Ensuite l’effet environnemental de la « culture de masse », l’apparition de la culture de l’écran (O. Donnat) (intégration des « goûts dissonnants » - Lahire). L’éclectisme culturel serait devenu le mode dominant de rapport à la culture.
Et enfin l’autonomisation de la culture jeune par rapport à la culture des adultes, qui fait qu’un jeune bourgeois qui a adhéré sous l’étiquette « rock » aux styles populaires de musique dans sa jeunesse, aura conservé à l’âge adulte cet engouement, bien qu’il se soit bien (ré)embourgeoisé (« génération Woodstock »).
Cela diminue l’idée d’une verticalité du goût (liée à l’échelle sociale), au profit d’une horzontalité (milieux, communautés, tranches d’âge). Cf. Peterson, Coulangeon, Lahire, DiMaggio. Deux composantes jumelles de l’horizontalisation :
l’éclectisme : l’ « omnivore » de Peterson (1990), l’importance accrue des « identités secondaires » (différenciation des goûts sur la base des critères d’appartenances culturelles : humour juif new-yorkais, musique ethnique)
l’autonomie : autonomisation des normes esthétiques des classes populaires (« street art », art urbain et le « on s’en fout de votre « art contemporain ! » (Grignon et Passeron).
V) La verticalité retrouvée. Les classes sociales existent, mais se manifestent autrement.
Cette horizontalisation précédente n’élimine pas la verticalité :
L’édification des frontières symboliques se déplace des objets culturels vers les attitudes, la manière de consommer de la culture : le même objet culturel peut faire l’objet de lectures différentes (écouter un concert à la télé ou en « live », consommer moins et en parler plus).
L’éclectisme du haut : maîtrise des contextes différents de ces répertoires culturels, complexification esthétique.
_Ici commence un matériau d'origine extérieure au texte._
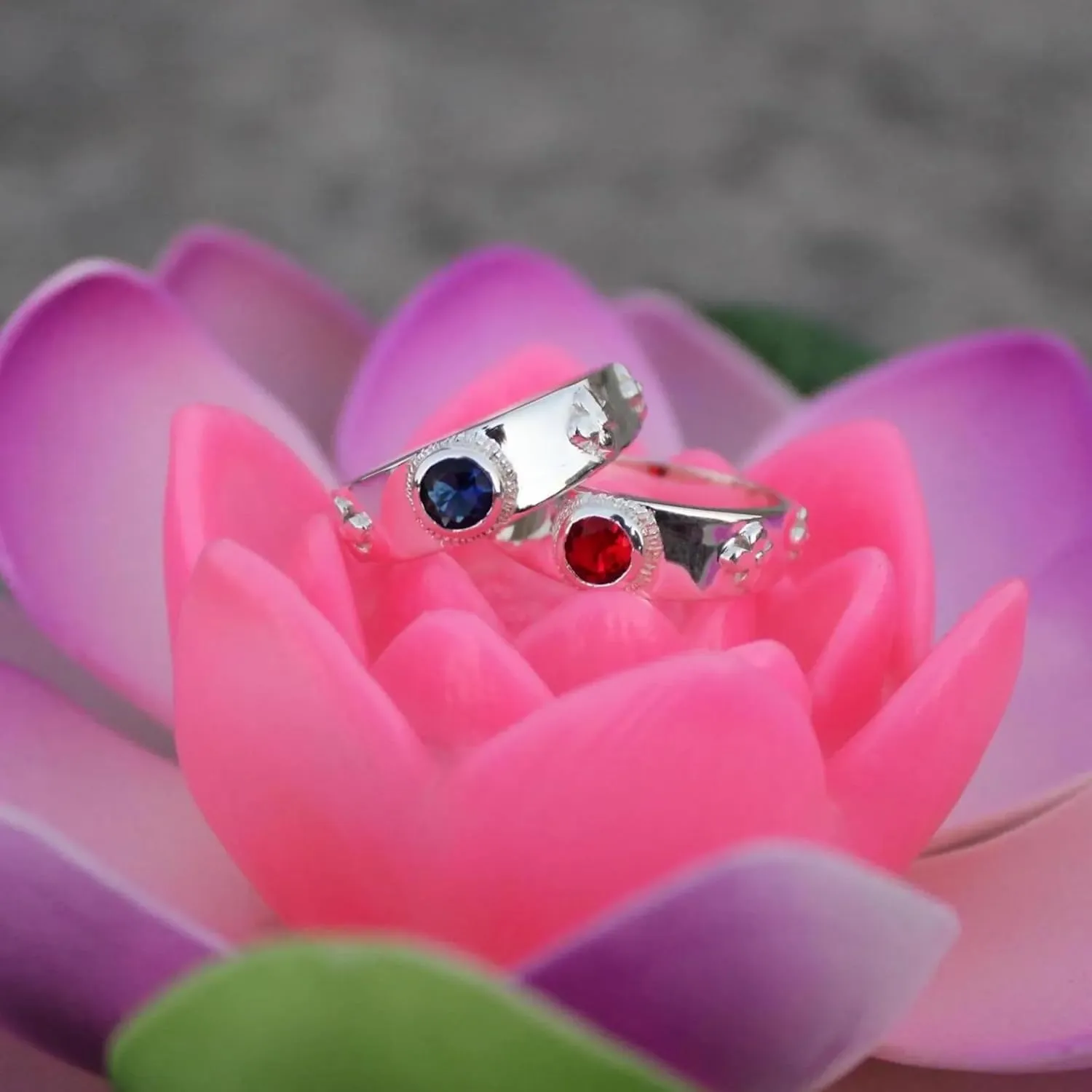 Handmade Couple Moving Castle Silver Rings Red and Blue Gem Accessories Gift for Women And Men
L’éclectisme du bas : esthétisme indistinct, confusion disqualifiante (vous mélangez tout !). La distinction sociale aussi va se manifester de la façon suivante : plus on descend dans l’échelle sociale, plus cet éclectisme est réduit à ce qui est offert à l’école et à la télé. Plus on monte dans l’échelle sociale, plus on est capable de faire subtilement coexister le hard metal et Schubert.
Les plus aisés ont tendance à préférer le cosmopolite (cuisines ethniques, esthtiques lointaines). Moins aisés, ils restent attachés à un éclectisme culturel non cosmopolite (la cuisine de terroir).
Conclusion : les enquêtes sociologiques sur les goûts confirment les stratification sociales, les fonctions ostentatoires du goût, tandis que les médias modernes (internet), la « culture de masse », la sémiologie de l’art (Barthes, Eco) ont eu tendance à brouiller ce repérage.